Swarming season was busy with a neighbour waving goodbye to the gals as they went off into the wide blue yonder. Maybe somebody from Eblana got those, in any case I hope that they are all happy. One does not like to see a swarm exiting the apiary so the beekeeper intervenes…usually.
It had been a busy time finding a venue for the association members to meet in late last year as the fledgling association prepared for flight. We found a venue which proved to be good.
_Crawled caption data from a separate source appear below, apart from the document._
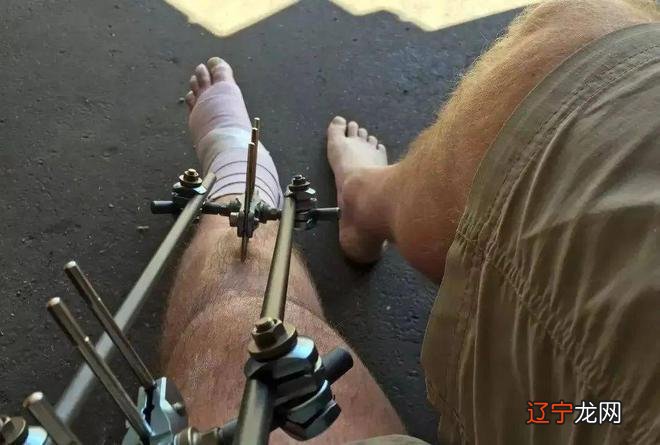 邪术or神之手：硅谷男精英的“断骨贷”，到底有多可怕？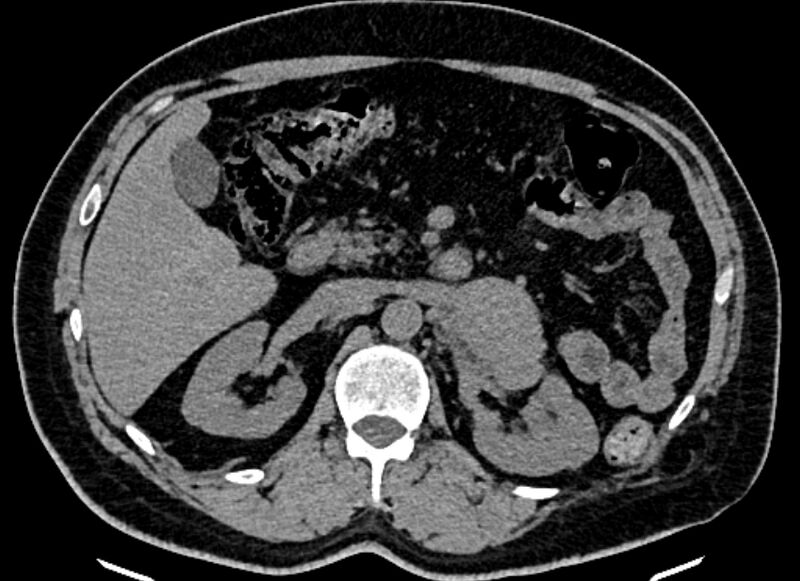 File:Adrenal metastases (Radiopaedia 73082-83791 Axial non-contrast 69).jpg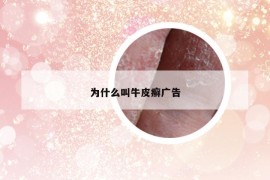 為什么叫牛皮癬廣告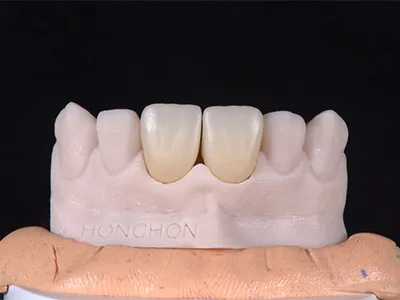 Premium Dental Zirconia Blocks – Strong, Aesthetic CAD/CAM Restorations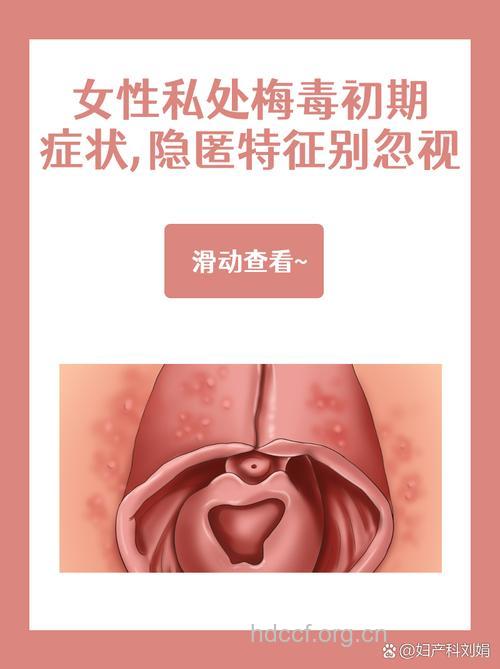 女性早期梅毒有什么症状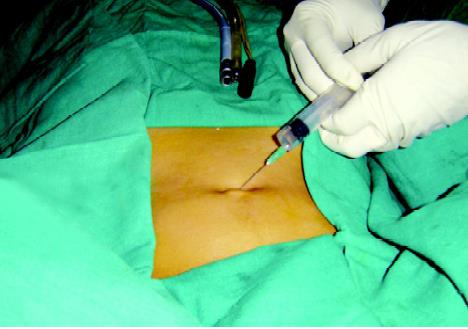 Diagnostic Laparoscopy at Chandak Hospital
Once the Beekeeping Course was finished we had our sights on siting and preparing the association apiary. In an urban setting it can be tricky to find a nice spot with the Goldilocks factor. It must be secluded but not overlooked or too close to housing. It is good to have parking which can be difficult in a streetscape. It is good if there are wildflowers instead of brightly coloured garden plants which can be useless for forage. We hope that the neighbours are not too fond of the sprayer which adds a cocktail of undesirable chemicals.
At first we had a nice site which allowed bees the ideal flight path it was fairly secluded with water readily available nearby. Unfortunately there were some inquisitive souls, living locally, who wanted to investigate the hive a little too closely. The joys of urban beekeeping! Thankfully there was no colony inside so no real harm was done. Lesson learned, we moved on. Now I know why beekeepers might like to place hives on a cathedral roof [the matter of carrying the equipment up there is not discussed].
Eventually we found a place. Following some heavy lifting, pulling and dragging and not a little skill at the “wheel” [levers] the site was prepared and made ready.
Some members had an exchange of nucs to that site when the 2km limit was lifted. This was an exciting day as it was the very first colony for some beekeepers and for others it was to improve the quality of bees in the apiary. The nucs were prepared by an experienced beekeeper whom we trust. Sourcing nucs is for another day and when one reads of stolen hives and colonies it emphasizes the need to know the source of the hive production. Keeping the source local is also good as those bees are adapted to this specific area with its own climatic idiosyncrasies.
Prior to lock-down everyone in the association was looking forward to visiting the apiary. From my experience as a beginner and novice beekeeper I valued the apiary visits. It’s at the apiary that the essential skills of beekeeping are transferred and is really central to receiving good beekeeping skills. It can also be the decider as to whether one wants to keep bees or appreciate them from a small remove. The rhythms within the beehive can be observed as the season progresses and differences can be observed from year to year.
I am sorry that apiary visits with members are not happening so far this year although the assembly of a group of fifteen persons at a social distance for training may allow small gatherings at apiaries. One can look at videos and learn something. In my opinion nothing surpasses being present and being able to ask questions in a real time setting. The inexperience person can have an opportunity to manipulate frames [which was daunting when I first did that]. Apiary visits are especially valuable prior to exams which equips the novice for real- life -beekeeping.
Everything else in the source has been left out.